La Luna e i falò, se ascoltato, avrebbe i tempi di un Adagio. Posato, altero, nobile nella sua prosa asciutta, scarna ma densa di emozioni. La parola resta al servizio dell’uomo e delle sue preoccupazioni e non viceversa (1). In questo risiede la grandezza e il merito di questo romanzo. La prosa entra in simbiosi con l’esperienza del protagonista fino a coinciderne. La costruzione sintattica non è complessa, non s’adorna di strutture ipotattiche ridondanti ma non è mai allo stesso tempo leggera o scorrevole.
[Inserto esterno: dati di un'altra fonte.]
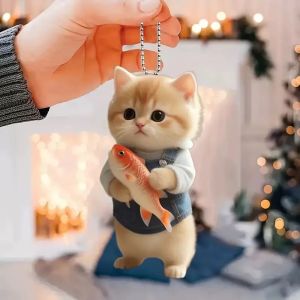 Christmas Ornament 2D High-Definition Acrylic Cute Cat Keychain Backpack Pendant Childrens Gift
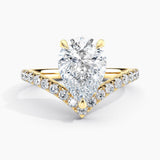 Unique V Solitaire Engagement Ring 2.00 ct. Center Pear Lab Grown Diamond in 14K White Gold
Come quel sentiero campestre sconnesso di cui ingenuamente vedi la fine ma percorrendolo t’accorgi di come la pendenza e le imperfezioni del terreno nascondano più insidie di quanto pensassi. Come la vita, con le sue imprevedibili variabili. Perché è la strada percorsa a circoscrivere il tuo io, l’essere stati almeno una volta nella vita emigranti.
Per lettori navigati.


1. «Ma qui abbiamo i poveri visti da uno che ha vissuto indrappellato tra loro, e attraverso la tragedia dell’ingiustizia e della guerra civile, ha serbato e riconosciuto la profonda parentela della comune umanità nel sangue e nello spirito, malgrado le più varie esperienze di cultura». P. Jahier, Il Ponte, Firenze, 1950, pp.1462-63. In appendice a La luna e i falò, Torino, Einaudi, 2000, pp 198-99.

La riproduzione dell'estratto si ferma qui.